(Your task) Would you transcribe exactly the lines from the one containing "Memory settings for" to the last line of the data below, both ends included, but none of the pictures?

(Source material)
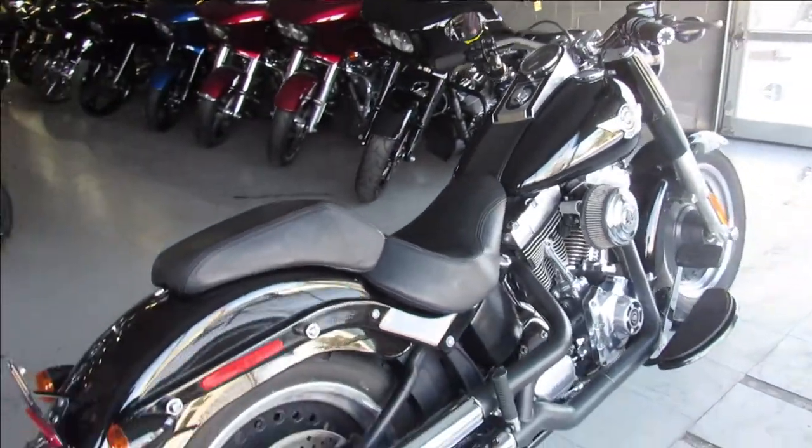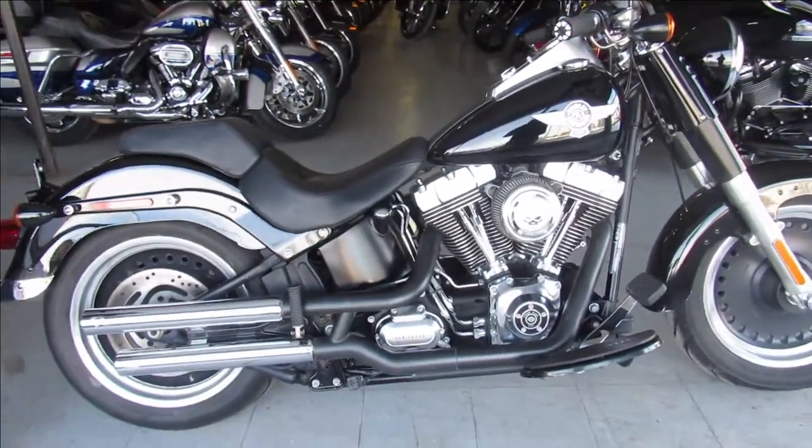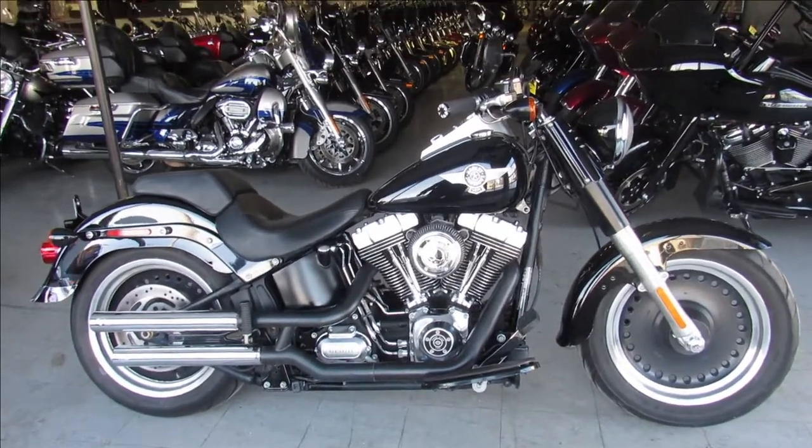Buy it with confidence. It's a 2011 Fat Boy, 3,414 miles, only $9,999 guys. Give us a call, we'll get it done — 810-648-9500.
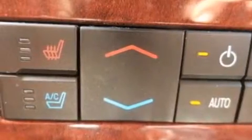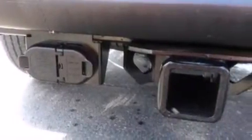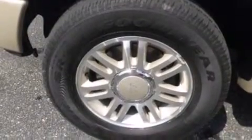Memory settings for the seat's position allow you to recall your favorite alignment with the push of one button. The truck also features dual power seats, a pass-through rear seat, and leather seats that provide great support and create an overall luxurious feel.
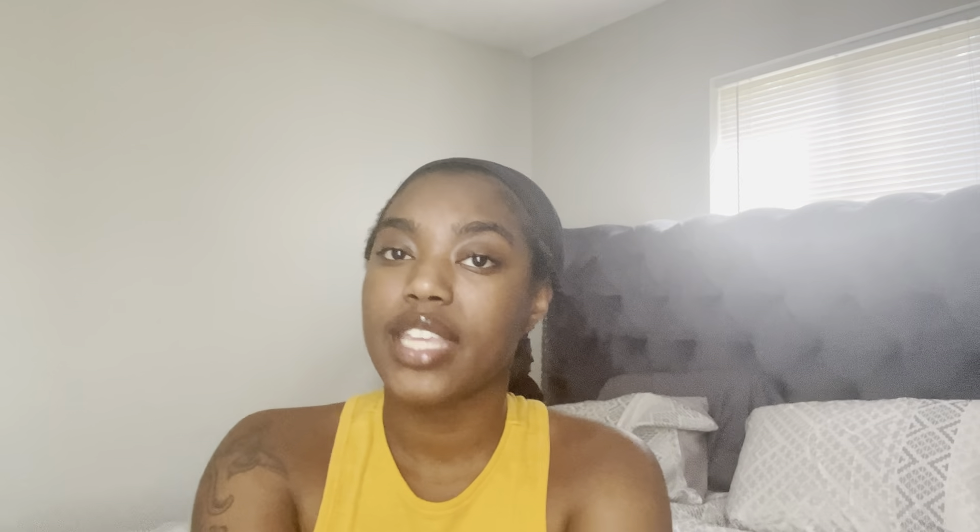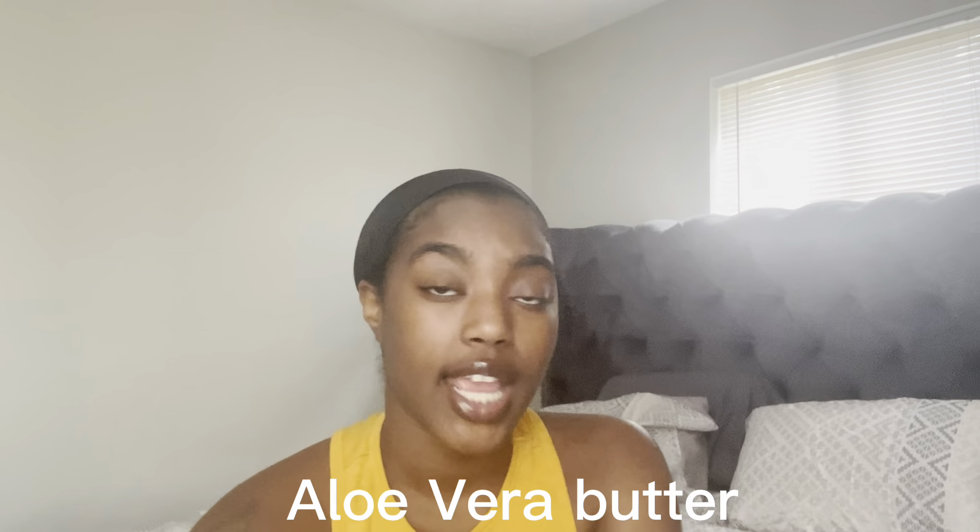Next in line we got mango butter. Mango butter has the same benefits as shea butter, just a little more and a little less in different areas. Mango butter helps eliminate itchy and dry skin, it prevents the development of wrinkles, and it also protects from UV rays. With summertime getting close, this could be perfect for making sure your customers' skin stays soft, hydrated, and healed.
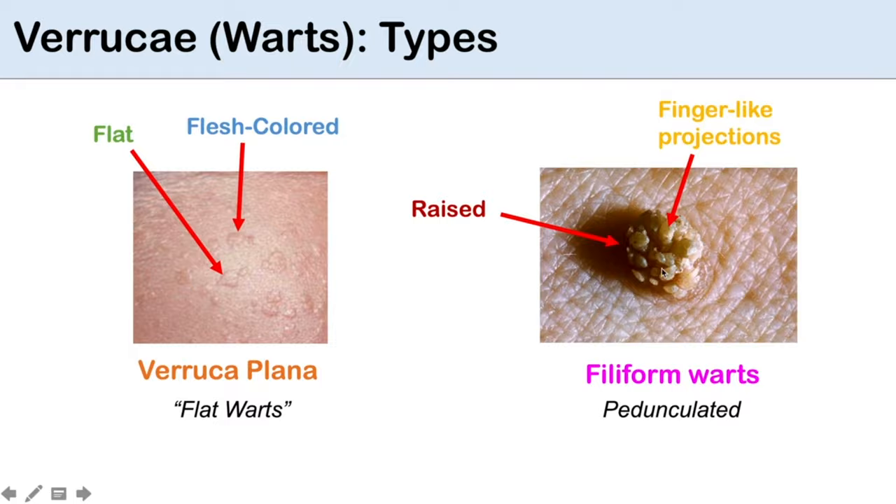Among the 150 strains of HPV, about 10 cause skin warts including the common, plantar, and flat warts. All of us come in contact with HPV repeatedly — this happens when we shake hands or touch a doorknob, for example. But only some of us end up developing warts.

(Result of this exercise)
Memory settings for the seat's position allow you to recall your favorite alignment with the push of one button. The truck also features dual power seats, a pass-through rear seat, and leather seats that provide great support and create an overall luxurious feel.
Next in line we got mango butter. Mango butter has the same benefits as shea butter, just a little more and a little less in different areas. Mango butter helps eliminate itchy and dry skin, it prevents the development of wrinkles, and it also protects from UV rays. With summertime getting close, this could be perfect for making sure your customers' skin stays soft, hydrated, and healed.
Among the 150 strains of HPV, about 10 cause skin warts including the common, plantar, and flat warts. All of us come in contact with HPV repeatedly — this happens when we shake hands or touch a doorknob, for example. But only some of us end up developing warts.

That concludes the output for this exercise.